I am starting Loyalty in Death next-ish, which on my list is numbered as 10. I include the novellas so I think my numbers are different. I'll have to see where Imitation in Death is on my list. Still a long way off in any case  

Ok, so its #19 on my list too. Its 17 on goodreads list. 

Looks like the pic has to tide me over for a while. Such hardship....


----------



## Cindy416 (May 2, 2009)

Atunah said:


> I am starting Loyalty in Death next-ish, which on my list is numbered as 10. I include the novellas so I think my numbers are different. I'll have to see where Imitation in Death is on my list. Still a long way off in any case
> 
> Ok, so its #19 on my list too. Its 17 on goodreads list.
> 
> Looks like the pic has to tide me over for a while. Such hardship....

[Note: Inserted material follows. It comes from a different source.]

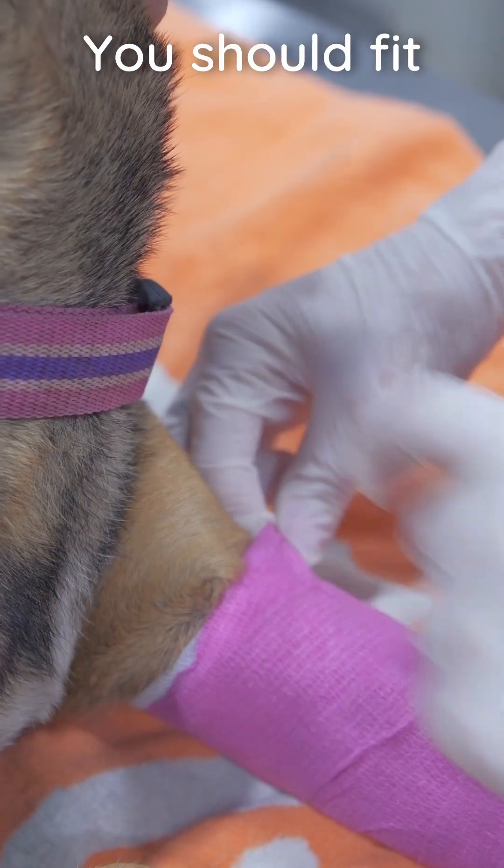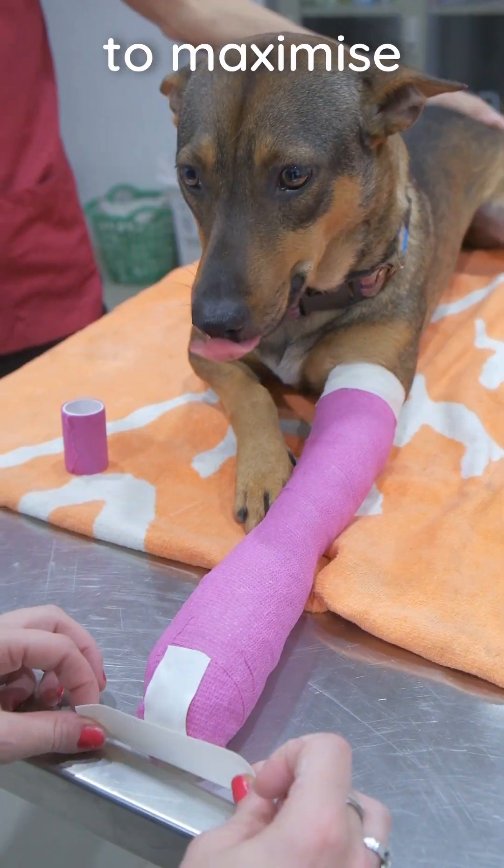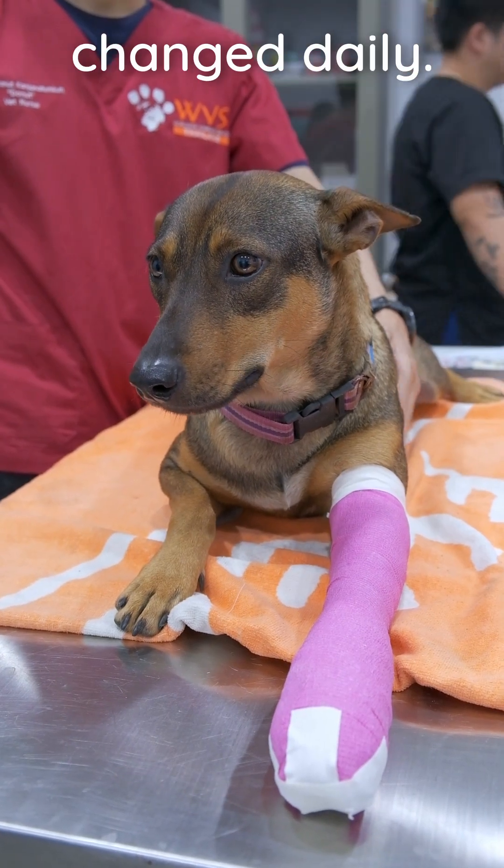Ensure the bandage is secure but not too tight — you should fit two fingers underneath. You may place tape at the top of the bandage and over the foot to maximize security and improve grip. Bandages may need to be changed daily.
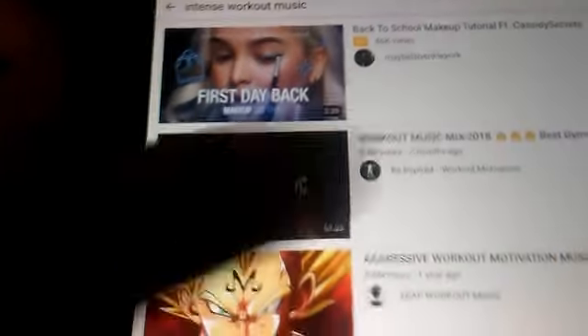Step nine: now you're finally ready to move these out of the way and keep drinking your smoothie. Home workout. Find intense workout music.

It's apparently #19 when stories in anthologies are counted according to this website:

http://www.fictiondb.com/author/jd-robb~series~eve-dallas~3885.htm

I may have to either go back to full-time teaching (instead of retirement and half-time) or get another job just to be able to afford all of the offerings in the "In Death" series.


----------



## VictoriaP (Mar 1, 2009)

Just saw this one yesterday and had to share. SO ready for the next book now that Shadowfever is out of the way!


----------



## VictoriaP (Mar 1, 2009)

Very large original here, wallpaper sized even!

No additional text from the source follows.